In Alumni Spotlight by Donnie ButlerLeave a Comment

Dr. Da’Tarvia A. Parrish of the department of history and political science at Livingstone College was selected as a Scholar-in-Residence at the University of Oxford’s Institute for the Study of Global Antisemitism and Policy. This interdisciplinary program aims to examine socio-economic, political, historical and cultural processes, in the age of globalization, that impacts notions of antisemitism, with the ultimate goal of developing antisemitism studies as a recognized academic discipline. Under the guidance of leading international academics, Scholars-in-Residence are required to develop a course syllabus and curriculum in the interdisciplinary study of critical contemporary antisemitism. While considering the program’s goals, Parrish said, “2020 has demonstrated the necessity of the mosaic world to yield to diversity, equity, and inclusion; for the human race cannot withstand the chastisement of its lacking.
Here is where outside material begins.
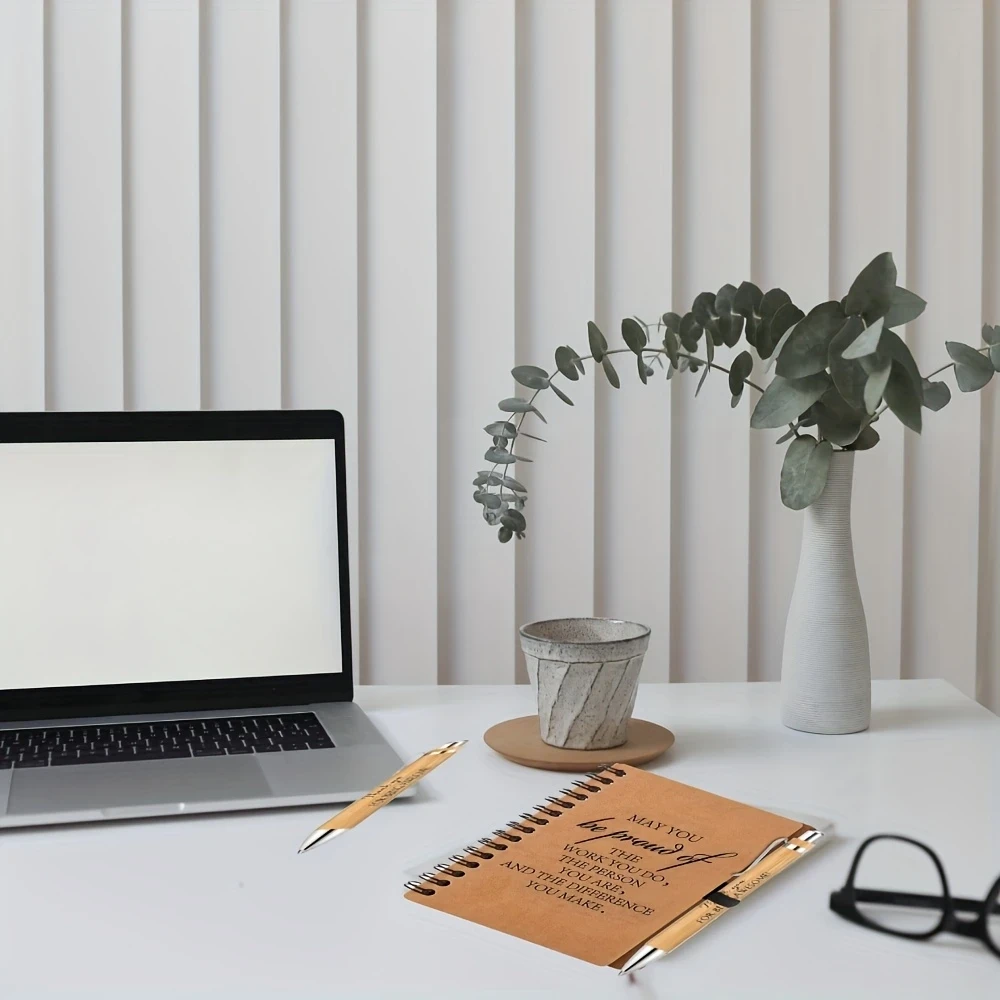10Sets Employee Appreciation Notebook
As narratives are constructed to convey and combat the times, successful authorial perspectives must center organic culture, and interrelate ethics and freedom as central elements of the narrative; to reclaim, reinvent and even, transmogrify humanity. What better place to start than an HBCU classroom?” Intended for professors with full-time college or university positions from across the globe, this international program aims to create a space for issues of antisemitism at a high level of scholarship. The course syllabus and curriculum is to be taught at the Scholar-in-Residence’s home institution for course credit, on at least two occasions, upon completion of the program. “As I journey into this opportunity, I aim to engage with the central purpose of producing curriculum that evolves in redemptive projects tugging …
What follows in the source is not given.